On l’a vu déjà, cette force régionale, faire tout le contraire pour ce qui est de la pêche. En soi, il faut plus qu’un argumentaire démagogique régional pour nous inciter à croire que ce que nous promet M. Chevrette en matière de forêt pourrait faire la différence. Qu’il ait été forcé, sous l’impulsion des dénonciations efficaces de l’artiste-citoyen Desjardins de se gouverner mieux, non sans l’avoir dénoncé, en faisant malgré tout ce qu’il disait important de faire, ne nous assure pas qu’il fasse effectivement mieux. Si ces engagements sont de même nature que ceux qu’il a pris au début de sa lettre, on peut en douter.
Faire taire les empêcheurs de tourner en rond
En faisant de ses attaques contre M. Desjardins une stratégie d’action durable, il prouve qu’il n’est pas de son côté. Il laisse a contrario plutôt entendre qu’il se satisfait de changements de surface, laisse entendre qu'il s'en satisfait non sans s'être si énergiquement opposé à le faire, même ça, un simple maquillage de surface à la mode comme le dénonce aujourd'hui Richard Desjardins. En persistant à nouveau à le disqualifier en le dénigrant, sa tentative est patente, attaques personnelles en sus, il prouve qu’il répugne à s’attaquer vraiment à ce qui devrait être changé pour que les choses changent et pour qu’on ne se retrouve pas dans dix ans dans la situation dans laquelle se trouvent les « régions » de pêche aujourd’hui.

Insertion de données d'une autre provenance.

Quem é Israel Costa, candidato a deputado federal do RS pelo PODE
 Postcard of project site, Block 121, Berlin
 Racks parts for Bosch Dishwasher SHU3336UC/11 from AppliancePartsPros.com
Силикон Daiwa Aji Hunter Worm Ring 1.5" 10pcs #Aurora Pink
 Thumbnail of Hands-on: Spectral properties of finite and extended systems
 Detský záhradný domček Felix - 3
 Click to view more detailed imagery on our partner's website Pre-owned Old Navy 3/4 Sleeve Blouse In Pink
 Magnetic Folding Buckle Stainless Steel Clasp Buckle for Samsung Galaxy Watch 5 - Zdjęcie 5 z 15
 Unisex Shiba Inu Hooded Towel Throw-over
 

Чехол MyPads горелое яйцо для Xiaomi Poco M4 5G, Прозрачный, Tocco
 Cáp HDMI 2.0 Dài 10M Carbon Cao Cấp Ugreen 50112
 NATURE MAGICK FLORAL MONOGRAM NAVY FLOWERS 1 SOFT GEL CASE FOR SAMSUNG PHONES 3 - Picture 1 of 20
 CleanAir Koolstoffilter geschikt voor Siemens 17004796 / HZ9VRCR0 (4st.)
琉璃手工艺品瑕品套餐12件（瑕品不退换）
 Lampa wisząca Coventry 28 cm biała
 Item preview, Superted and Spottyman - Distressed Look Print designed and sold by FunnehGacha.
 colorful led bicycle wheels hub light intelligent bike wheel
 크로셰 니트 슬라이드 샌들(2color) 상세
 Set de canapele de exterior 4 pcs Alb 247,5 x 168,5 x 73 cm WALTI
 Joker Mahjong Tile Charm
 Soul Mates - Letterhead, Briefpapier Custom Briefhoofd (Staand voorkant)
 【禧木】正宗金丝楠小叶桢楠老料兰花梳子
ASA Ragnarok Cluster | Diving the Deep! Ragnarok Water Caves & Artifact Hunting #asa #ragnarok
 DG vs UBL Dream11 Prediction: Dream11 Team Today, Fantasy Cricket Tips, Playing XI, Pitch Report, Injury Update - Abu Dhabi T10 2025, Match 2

Telles préoccupations peuvent éventuellement contredire la fédération des potentats régionaux, mais cela ne contredit pas d'office ce que nous avons tous à cœur, le vrai développement de toutes les régions et de toute la population de toutes les régions. ET, de ce côté, malgré tout ce que tente de nous dire M. Chevrette, lui n’est pas plus crédible que M. Desjardins, et je dirais plutôt le contraire. M. Desjardins est toujours crédible et M. Chevrette peine à convaincre.
L’ordre de priorité
Ce qui ne change pas dans le discours de M. Chevrette, c’est son « durable » parti-pris du dénigrement de l’apport du citoyen Richard Desjardins. On n’en attend pas moins d’un Président-directeur général du Conseil de l'industrie forestière du Québec traditionnellement irresponsable et trop laxiste. Le problème, c’est qu’il n’a pas la crédibilité voulue pour changer la perception que nous avons de l’organisme qu’il dirige et qui voudrait que sous sa gouverne « l'importance de la pérennité de nos forêts » soit effectivement la « première dimension du développement durable. » En effet, à quoi servirait : « L'accessibilité aux ressources et leur exploitation », ce deuxième élément au dire de M. Chevrette, si nous n’avons plus de forêt et à plus forte raison, à quoi sert « l'exploitation des ressources naturelles de façon raisonnée peut se faire par une gestion intégrée au profit de tous », si quelques-uns - des multinationales aux privilégiés locaux - ont vidé la forêt sans se soucier de sa pérennité. Du moins pour les années à venir.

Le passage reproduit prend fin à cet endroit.